Rhino follows the same fundamental computer architecture as the current ROACH based CASPER hardware; namely a single FPGA element with memory, high speed communication, and IO expansion slots, all controlled via a processor running the BORPH operating system. Below is an overview of the rhino architecture




NetFPGA

The NetFPGA is a line-rate, flexible, and open platform for research, and classroom experimentation. More than 1,000 NetFPGA systems have been deployed at over 150 institutions in over 15 countries around the world.

The NetFPGA is a PCI card that contains a large Xilinx FPGA, 4 Gigabit Ethernet ports, Static RAM (SRAM), Double-Date Rate (DDR2) Dynamic RAM (DRAM). The card design is open-source and the hardware is made available at very low cost through donations of gifts and Silicon chips by sponsors of the NetFPGA project. The NetFPGA enables researchers and students to build working prototypes of high-speed, hardware-accelerated networking systems. The NetFPGA has been used in the teachers in the classroom to help students learn how to build Gigabit Ethernet (GigE) switches and Internet Protocol (IP) routers. It has also been used by researchers to prototype new modules that use hardware rather than software to forward packets.




ROACH / ROACH-2

ROACH is a Virtex5-based upgrade to current CASPER hardware. It merges aspects from the IBOB and BEE2 platforms into a single board. The CX4/XAUI/10GbE interfaces of both are kept, while combining the Z-DOK daughter board interface of the IBOB with the high bandwidth/capacity DRAM memory and standalone usage model of the BEE2. ROACH is a single-FPGA board, dispensing with the on-board inter-FPGA links in favor of 10GbE interfaces for all cross-FPGA communications.

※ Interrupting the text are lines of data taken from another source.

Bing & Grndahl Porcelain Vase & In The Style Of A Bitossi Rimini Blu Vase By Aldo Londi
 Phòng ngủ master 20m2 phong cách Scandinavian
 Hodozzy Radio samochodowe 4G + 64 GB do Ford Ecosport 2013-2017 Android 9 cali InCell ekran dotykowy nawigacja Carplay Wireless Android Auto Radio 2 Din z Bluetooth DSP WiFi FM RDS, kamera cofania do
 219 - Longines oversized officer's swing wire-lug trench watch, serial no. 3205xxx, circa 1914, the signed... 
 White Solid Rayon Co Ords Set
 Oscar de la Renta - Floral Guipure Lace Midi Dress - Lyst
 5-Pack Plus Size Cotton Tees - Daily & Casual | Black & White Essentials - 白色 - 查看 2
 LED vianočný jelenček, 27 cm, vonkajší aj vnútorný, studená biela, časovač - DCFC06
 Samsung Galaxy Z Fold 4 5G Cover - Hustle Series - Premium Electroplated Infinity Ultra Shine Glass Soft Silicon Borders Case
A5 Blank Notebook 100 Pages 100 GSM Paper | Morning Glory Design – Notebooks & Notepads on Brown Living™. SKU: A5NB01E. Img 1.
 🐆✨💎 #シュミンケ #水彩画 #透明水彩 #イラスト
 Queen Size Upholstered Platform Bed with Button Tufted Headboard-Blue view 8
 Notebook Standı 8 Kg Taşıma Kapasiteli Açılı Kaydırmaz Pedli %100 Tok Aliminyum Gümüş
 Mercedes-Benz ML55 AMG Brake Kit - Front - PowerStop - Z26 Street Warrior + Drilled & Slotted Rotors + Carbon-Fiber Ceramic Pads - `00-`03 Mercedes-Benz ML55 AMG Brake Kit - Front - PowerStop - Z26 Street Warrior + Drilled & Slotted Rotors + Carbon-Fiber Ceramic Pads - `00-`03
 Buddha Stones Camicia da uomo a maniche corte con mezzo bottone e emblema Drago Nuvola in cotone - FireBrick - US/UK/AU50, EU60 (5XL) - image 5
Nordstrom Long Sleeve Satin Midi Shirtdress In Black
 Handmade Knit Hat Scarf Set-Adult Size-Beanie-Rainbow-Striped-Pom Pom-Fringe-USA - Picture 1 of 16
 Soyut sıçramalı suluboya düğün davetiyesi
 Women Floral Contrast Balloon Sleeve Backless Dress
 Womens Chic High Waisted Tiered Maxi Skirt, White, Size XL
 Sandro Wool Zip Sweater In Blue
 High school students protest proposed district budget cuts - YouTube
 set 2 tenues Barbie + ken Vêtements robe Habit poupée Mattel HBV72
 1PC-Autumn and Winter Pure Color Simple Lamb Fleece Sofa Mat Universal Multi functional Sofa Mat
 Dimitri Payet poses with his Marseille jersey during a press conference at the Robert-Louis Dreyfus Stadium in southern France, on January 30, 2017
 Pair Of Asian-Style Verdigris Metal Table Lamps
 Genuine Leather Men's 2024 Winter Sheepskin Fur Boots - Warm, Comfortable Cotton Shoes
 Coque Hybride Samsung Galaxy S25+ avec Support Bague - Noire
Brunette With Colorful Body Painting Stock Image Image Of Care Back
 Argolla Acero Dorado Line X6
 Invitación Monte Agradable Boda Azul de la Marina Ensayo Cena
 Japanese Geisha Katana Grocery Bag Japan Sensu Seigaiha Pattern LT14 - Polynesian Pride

ROACH-2 was designed as the sequel to ROACH 1 using the new Xilinx Virtex-6 series of FPGAs. It maintains all the aspects that made ROACH 1 a success, but increase the overall performance in terms of processing power, IO throughput and memory bandwidth. It uses the same PowerPC 440EPx present on the ROACH 1 but adds a unified JTAG interface provided through an FTDI FT4232H IC.